Paired Delta Prediction: Siamese Architecture¶
Status: Tested (r=0.38)
Last Updated: December 2025
Overview¶
Paired Delta Prediction uses a Siamese architecture to predict splice site score changes by comparing reference and alternate sequences through shared encoder weights.
Architecture¶
Paired Delta Predictor (Siamese)
┌─────────────────────────────────────────────────────────────────────────┐
│ │
│ ref_seq [B, 4, L] alt_seq [B, 4, L] │
│ │ │ │
│ ▼ ▼ │
│ ┌─────────────┐ ┌─────────────┐ │
│ │ Encoder │ ◄── shared weights ──► │ Encoder │ │
│ │ (Gated CNN)│ │ (Gated CNN)│ │
│ └─────────────┘ └─────────────┘ │
│ │ │ │
│ ▼ ▼ │
│ ref_emb [B, D] alt_emb [B, D] │
│ │ │ │
│ └──────────────┬───────────────────────┘ │
│ │ │
│ ▼ │
│ ┌──────────────────┐ │
│ │ diff = alt - ref │ │
│ └──────────────────┘ │
│ │ │
│ ▼ │
│ ┌──────────────────┐ │
│ │ Delta Head │ │
│ │ (MLP + Output) │ │
│ └──────────────────┘ │
│ │ │
│ ▼ │
│ Δ [B, L, 2] │
│ (Δ_donor, Δ_acceptor) │
│ │
└─────────────────────────────────────────────────────────────────────────┘
Key Characteristics¶
Inputs¶
- ref_seq: Reference sequence [B, 4, L] (one-hot encoded)

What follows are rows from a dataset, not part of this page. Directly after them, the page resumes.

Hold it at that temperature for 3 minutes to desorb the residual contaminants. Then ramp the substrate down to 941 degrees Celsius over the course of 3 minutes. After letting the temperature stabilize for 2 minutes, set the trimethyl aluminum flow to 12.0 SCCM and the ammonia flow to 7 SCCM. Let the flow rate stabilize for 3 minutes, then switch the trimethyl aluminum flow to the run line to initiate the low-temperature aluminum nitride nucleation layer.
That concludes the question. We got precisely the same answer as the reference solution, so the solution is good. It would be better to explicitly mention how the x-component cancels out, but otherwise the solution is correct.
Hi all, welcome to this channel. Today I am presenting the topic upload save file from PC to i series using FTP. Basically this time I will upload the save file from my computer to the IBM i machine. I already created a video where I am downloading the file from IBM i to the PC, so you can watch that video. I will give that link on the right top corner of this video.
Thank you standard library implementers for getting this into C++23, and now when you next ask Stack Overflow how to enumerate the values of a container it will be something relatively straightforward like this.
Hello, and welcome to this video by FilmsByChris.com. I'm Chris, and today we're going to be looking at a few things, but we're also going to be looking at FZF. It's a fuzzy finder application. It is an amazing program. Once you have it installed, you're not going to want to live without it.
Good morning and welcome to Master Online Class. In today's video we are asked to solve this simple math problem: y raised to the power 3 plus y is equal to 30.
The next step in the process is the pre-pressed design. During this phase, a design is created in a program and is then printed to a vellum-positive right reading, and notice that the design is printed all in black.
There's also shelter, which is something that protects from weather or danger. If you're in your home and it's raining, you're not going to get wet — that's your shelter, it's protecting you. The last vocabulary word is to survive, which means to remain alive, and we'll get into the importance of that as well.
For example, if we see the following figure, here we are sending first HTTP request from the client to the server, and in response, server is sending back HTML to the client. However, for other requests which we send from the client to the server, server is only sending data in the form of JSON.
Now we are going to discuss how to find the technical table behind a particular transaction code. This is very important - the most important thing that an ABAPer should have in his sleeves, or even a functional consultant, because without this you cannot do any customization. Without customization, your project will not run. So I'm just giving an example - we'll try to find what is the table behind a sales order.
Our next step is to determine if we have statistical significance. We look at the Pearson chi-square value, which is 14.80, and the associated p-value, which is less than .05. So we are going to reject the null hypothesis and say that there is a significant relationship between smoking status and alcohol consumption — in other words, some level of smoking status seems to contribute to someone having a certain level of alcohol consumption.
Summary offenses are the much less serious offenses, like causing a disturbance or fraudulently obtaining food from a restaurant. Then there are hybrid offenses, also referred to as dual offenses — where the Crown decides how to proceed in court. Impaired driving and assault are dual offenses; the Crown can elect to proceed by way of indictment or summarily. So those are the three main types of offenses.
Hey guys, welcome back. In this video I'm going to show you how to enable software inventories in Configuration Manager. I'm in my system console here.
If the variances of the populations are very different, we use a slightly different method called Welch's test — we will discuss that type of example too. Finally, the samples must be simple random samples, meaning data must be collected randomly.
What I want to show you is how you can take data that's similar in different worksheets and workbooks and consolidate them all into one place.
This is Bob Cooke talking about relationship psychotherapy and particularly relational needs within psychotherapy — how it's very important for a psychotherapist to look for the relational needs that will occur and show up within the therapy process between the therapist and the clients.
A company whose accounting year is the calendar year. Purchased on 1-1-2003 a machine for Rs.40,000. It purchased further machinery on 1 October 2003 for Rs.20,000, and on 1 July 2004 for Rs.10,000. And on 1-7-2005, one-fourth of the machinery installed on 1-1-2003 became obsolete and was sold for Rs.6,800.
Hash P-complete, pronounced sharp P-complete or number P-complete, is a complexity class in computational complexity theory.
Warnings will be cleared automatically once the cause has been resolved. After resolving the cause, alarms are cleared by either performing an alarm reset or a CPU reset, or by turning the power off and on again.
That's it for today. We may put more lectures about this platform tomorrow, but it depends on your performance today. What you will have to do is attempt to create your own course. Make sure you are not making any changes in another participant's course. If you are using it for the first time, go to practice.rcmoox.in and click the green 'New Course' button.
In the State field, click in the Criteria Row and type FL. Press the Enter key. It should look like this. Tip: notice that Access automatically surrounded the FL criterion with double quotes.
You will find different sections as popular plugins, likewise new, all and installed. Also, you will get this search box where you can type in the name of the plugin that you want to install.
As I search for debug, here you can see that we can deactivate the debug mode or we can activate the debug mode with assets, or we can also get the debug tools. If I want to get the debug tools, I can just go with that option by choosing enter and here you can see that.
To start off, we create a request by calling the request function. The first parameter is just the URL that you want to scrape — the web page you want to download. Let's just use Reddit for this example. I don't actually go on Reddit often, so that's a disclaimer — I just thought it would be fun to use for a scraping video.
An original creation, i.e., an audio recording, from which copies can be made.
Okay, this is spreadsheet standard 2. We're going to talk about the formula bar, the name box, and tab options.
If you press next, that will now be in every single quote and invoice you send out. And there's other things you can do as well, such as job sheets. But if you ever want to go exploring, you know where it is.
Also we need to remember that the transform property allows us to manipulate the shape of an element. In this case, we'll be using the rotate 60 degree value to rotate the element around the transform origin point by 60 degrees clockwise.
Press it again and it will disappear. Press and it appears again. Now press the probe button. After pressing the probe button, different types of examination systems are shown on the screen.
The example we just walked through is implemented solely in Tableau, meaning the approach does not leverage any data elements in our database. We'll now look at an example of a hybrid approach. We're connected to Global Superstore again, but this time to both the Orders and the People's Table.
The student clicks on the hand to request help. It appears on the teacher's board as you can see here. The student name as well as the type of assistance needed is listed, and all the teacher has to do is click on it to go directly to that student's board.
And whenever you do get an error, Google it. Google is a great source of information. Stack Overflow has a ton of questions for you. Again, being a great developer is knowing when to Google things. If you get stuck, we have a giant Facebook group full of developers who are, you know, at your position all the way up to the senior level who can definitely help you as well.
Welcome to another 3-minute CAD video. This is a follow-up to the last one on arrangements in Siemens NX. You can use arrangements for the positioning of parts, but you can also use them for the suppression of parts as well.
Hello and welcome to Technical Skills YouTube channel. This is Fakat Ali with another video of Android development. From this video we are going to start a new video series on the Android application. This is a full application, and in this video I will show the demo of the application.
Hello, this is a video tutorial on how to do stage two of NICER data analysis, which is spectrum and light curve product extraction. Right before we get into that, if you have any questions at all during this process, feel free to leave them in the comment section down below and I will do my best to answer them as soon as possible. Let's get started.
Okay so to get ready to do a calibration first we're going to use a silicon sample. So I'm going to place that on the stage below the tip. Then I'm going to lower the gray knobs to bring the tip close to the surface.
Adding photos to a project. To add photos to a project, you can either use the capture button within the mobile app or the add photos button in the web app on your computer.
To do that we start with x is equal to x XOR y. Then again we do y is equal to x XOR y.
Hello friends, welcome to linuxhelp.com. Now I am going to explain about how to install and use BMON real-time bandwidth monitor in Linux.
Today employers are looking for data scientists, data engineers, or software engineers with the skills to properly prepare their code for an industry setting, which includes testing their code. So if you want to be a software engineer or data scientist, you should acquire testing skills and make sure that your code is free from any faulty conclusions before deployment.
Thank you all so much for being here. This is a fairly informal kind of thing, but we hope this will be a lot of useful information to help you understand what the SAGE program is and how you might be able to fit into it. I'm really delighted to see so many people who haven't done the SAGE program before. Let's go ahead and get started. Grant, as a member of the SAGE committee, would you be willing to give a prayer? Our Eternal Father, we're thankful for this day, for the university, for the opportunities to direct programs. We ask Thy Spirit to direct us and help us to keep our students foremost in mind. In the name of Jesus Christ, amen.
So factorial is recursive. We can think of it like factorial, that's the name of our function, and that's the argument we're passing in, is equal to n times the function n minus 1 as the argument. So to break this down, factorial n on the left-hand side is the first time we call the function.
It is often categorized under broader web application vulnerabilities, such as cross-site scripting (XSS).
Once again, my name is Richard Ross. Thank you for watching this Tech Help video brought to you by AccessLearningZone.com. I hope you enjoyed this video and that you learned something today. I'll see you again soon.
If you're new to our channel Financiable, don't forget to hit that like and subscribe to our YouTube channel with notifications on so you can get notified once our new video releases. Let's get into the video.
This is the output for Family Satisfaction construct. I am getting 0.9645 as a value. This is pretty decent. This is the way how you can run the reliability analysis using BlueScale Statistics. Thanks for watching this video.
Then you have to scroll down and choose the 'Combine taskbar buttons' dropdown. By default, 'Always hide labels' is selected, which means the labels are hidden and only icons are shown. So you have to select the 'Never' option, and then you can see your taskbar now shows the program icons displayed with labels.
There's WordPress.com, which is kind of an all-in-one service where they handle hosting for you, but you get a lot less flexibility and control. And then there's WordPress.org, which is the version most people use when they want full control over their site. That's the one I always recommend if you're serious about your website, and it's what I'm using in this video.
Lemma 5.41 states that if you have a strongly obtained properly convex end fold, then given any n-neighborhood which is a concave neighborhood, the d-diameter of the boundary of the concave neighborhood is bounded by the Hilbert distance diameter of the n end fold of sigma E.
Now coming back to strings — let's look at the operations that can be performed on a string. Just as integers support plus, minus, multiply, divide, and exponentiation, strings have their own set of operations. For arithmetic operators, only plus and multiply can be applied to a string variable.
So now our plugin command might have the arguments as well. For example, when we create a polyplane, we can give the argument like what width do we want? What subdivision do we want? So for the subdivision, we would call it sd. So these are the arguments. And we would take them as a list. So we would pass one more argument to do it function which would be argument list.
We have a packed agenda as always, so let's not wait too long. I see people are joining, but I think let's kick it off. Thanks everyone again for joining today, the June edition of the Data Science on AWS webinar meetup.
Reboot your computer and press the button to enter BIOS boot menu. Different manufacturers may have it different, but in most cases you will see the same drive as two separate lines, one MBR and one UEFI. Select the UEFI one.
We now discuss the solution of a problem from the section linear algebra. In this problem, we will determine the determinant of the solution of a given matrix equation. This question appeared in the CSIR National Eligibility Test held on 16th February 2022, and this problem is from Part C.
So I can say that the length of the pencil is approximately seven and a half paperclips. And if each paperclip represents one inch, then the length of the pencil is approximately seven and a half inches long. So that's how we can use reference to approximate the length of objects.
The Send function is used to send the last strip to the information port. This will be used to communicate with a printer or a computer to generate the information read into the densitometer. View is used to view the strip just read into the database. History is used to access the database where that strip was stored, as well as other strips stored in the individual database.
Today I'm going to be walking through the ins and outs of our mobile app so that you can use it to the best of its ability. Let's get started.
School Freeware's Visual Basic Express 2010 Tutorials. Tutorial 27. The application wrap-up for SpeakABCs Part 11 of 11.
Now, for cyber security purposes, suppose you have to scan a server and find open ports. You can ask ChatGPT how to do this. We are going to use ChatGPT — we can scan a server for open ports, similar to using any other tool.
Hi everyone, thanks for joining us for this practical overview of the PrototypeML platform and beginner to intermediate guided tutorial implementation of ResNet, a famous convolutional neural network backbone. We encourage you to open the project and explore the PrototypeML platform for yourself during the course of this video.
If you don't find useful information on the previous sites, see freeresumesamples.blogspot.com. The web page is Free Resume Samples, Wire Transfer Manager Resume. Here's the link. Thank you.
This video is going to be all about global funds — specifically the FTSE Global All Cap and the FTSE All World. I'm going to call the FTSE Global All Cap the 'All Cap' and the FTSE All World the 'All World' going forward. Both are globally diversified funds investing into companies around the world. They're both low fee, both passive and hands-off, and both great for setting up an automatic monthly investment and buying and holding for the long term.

- alt_seq: Alternate sequence [B, 4, L] (one-hot encoded)
Target¶
- base_delta:
base_model(alt) - base_model(ref)
Output¶
- Delta scores: [B, L, 2] (per-position Δ_donor, Δ_acceptor)
Results¶
Training Variations¶
| Variation | Correlation | Notes |
|---|---|---|
| V2 Original | r=-0.04 | No learning |
| V2 + 10x data | r=0.002 | Still no correlation |
| Gated CNN | r=0.36 | Architecture matters! |
| + Quantile loss (τ=0.9) | r=0.38 | Best for paired |
| + Scaling | r=0.22 | Overfitting |
| + Temperature | r=-0.03 | No improvement |
| + Multi-task | r=-0.07 | Task interference |
Best Configuration¶
from agentic_spliceai.splice_engine.meta_layer.models import (
SimpleCNNDeltaPredictor,
create_calibrated_predictor
)
# Best architecture
base_model = SimpleCNNDeltaPredictor(
hidden_dim=64,
n_layers=6,
kernel_size=15
)
# Best calibration: Quantile loss
model = create_calibrated_predictor(
base_predictor=base_model,
strategy='quantile',
quantile=0.9 # Focus on large deltas
)
Limitations¶
1. Target Quality Issue¶
The fundamental problem:
If variant is NOT splice-altering but base model predicts a delta:
→ We're training on WRONG targets
→ Model learns noise, not signal
2. Inference Overhead¶
Requires two forward passes: 1. Encode reference sequence 2. Encode alternate sequence 3. Compute difference
This is slower than single-pass approaches.
3. Correlation Ceiling¶
Even with best architecture (Gated CNN) and loss (Quantile), correlation is limited to r=0.38. This suggests the target (base model delta) is not reliable enough.
When to Use¶
✅ Use when: - You trust base model predictions - Reference sequence is always available - Inference speed is not critical
❌ Don't use when: - Base model has known blind spots (most variants!) - Single-pass efficiency is needed - You have SpliceVarDB labels (use Validated Delta instead)
Comparison to Validated Delta¶
| Aspect | Paired (this) | Validated |
|---|---|---|
| Input | ref + alt | alt + var_info |
| Target | base_delta | SpliceVarDB-validated |
| Forward passes | 2 | 1 |
| Correlation | r=0.38 | r=0.41 |
| Target quality | Variable | Ground truth |
Model Files¶
| File | Description |
|---|---|
models/delta_predictor.py |
Original Siamese implementation |
models/delta_predictor_v2.py |
Per-position output version |
models/hyenadna_delta_predictor.py |
SimpleCNNDeltaPredictor |
models/delta_predictor_calibrated.py |
Calibration wrappers |
Lessons Learned¶
- Architecture matters: Gated CNN >> simple CNN
- Loss function matters: Quantile loss >> MSE for sparse deltas
- Target quality is limiting factor: Can't exceed base model accuracy
- Consider single-pass alternatives when SpliceVarDB labels available
For better results, consider using Validated Delta Prediction instead.